**RECORDS SHOWN**
- - - - - - -
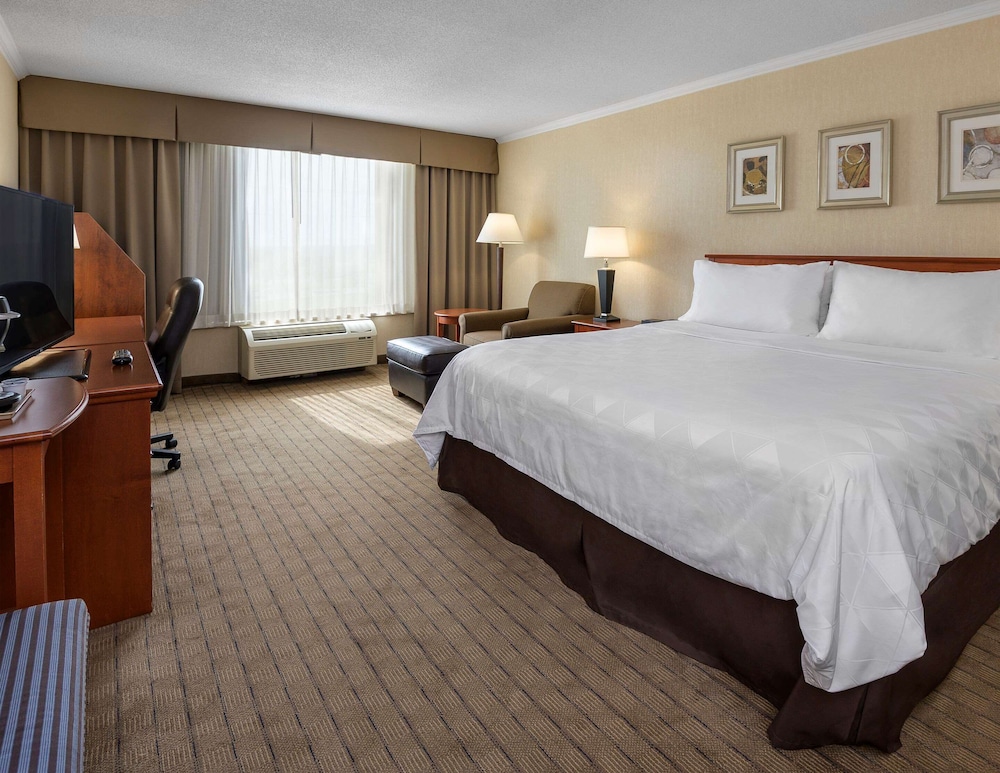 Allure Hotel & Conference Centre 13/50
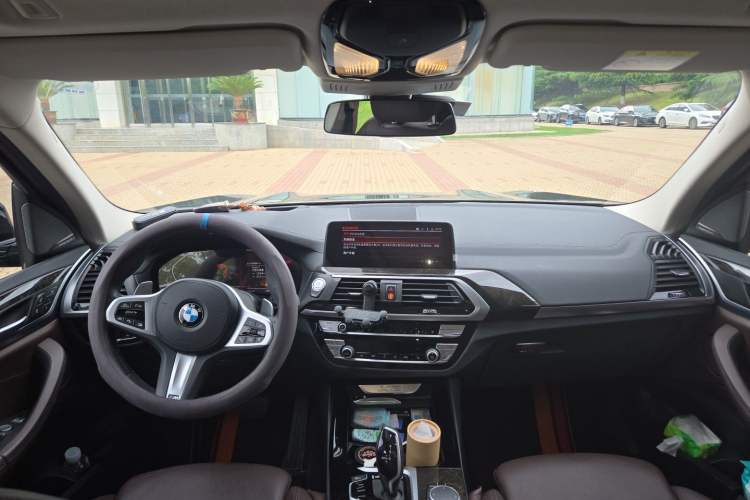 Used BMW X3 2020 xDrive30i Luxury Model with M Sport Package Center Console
- - - - - - -
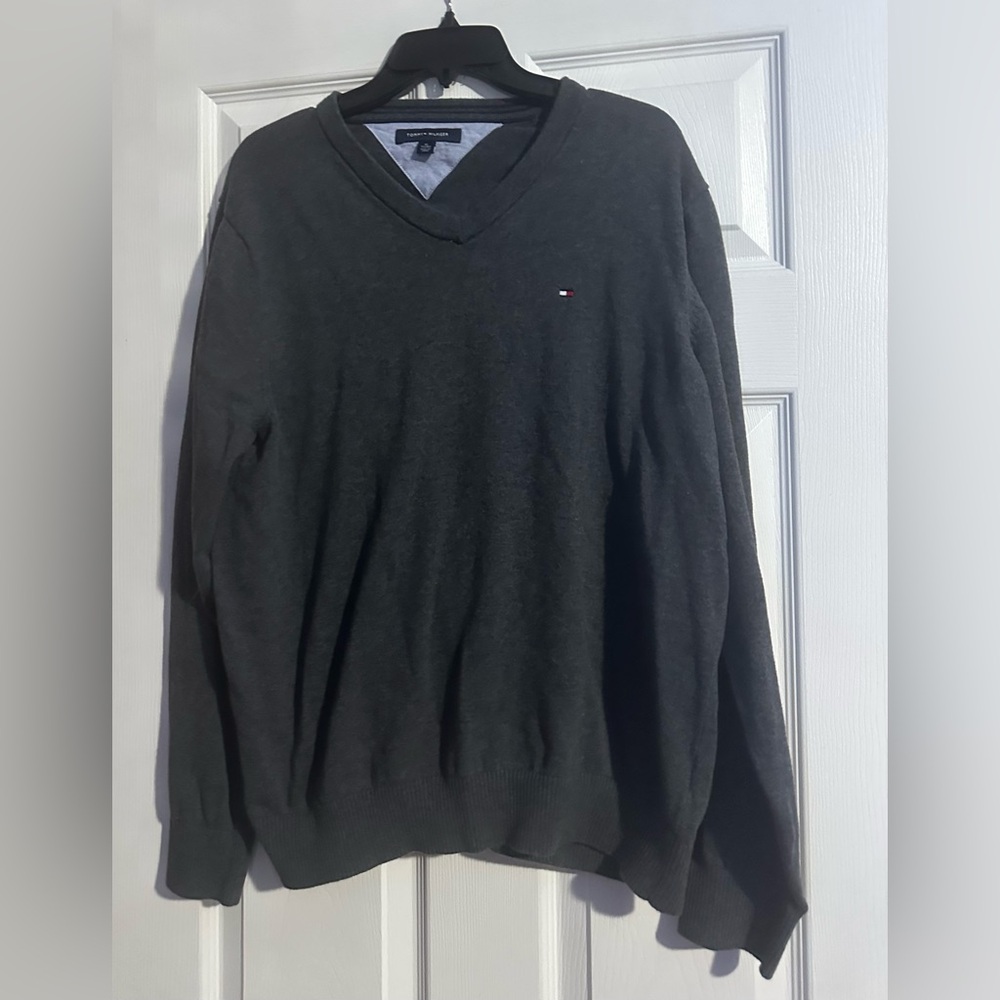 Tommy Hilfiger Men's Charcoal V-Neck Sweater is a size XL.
- - - - - - -
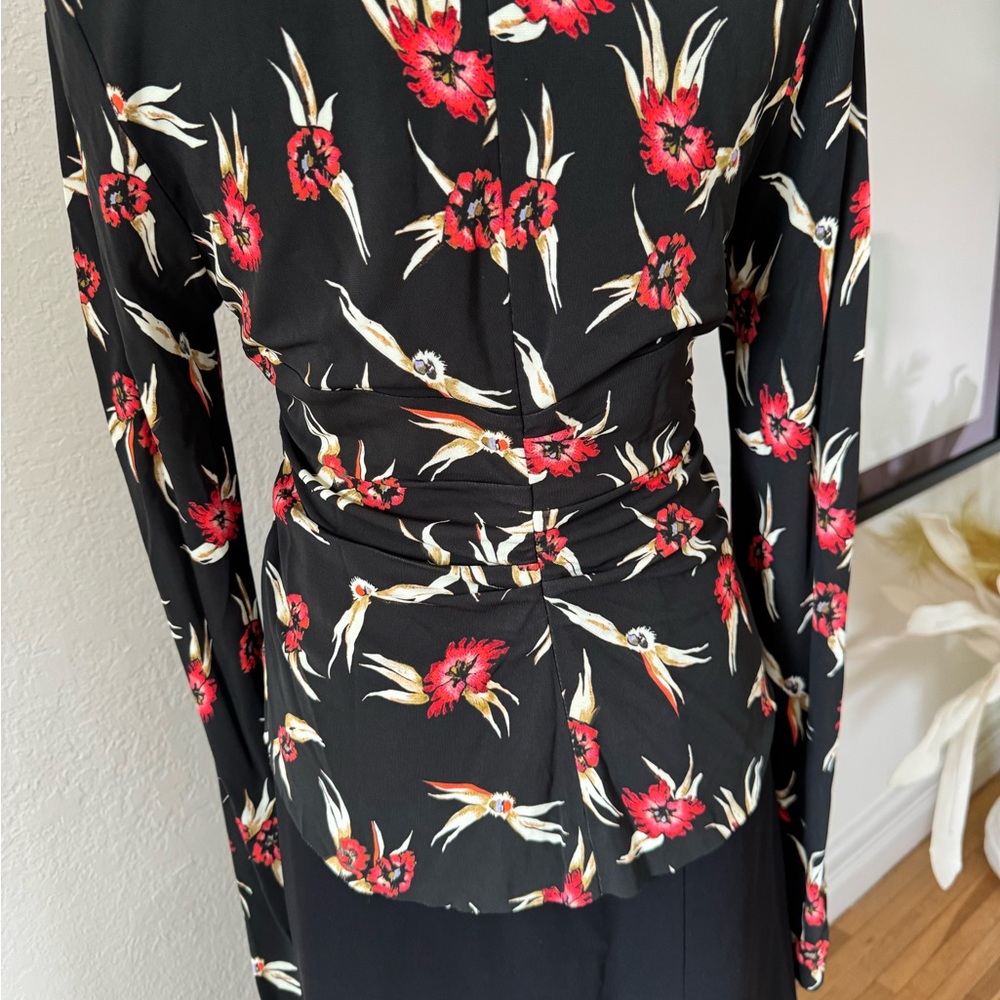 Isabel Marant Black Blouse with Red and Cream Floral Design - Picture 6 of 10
- - - - - - -
**WORK REQUEST**
An exact copy is needed. It runs from the line above containing "Allure Hotel & Conference Centre 13/50" down to the line containing "Used BMW X3", both included, with no pictures.

**RESPONSE TO THIS TASK**
 Allure Hotel & Conference Centre 13/50
 Used BMW X3 2020 xDrive30i Luxury Model with M Sport Package Center Console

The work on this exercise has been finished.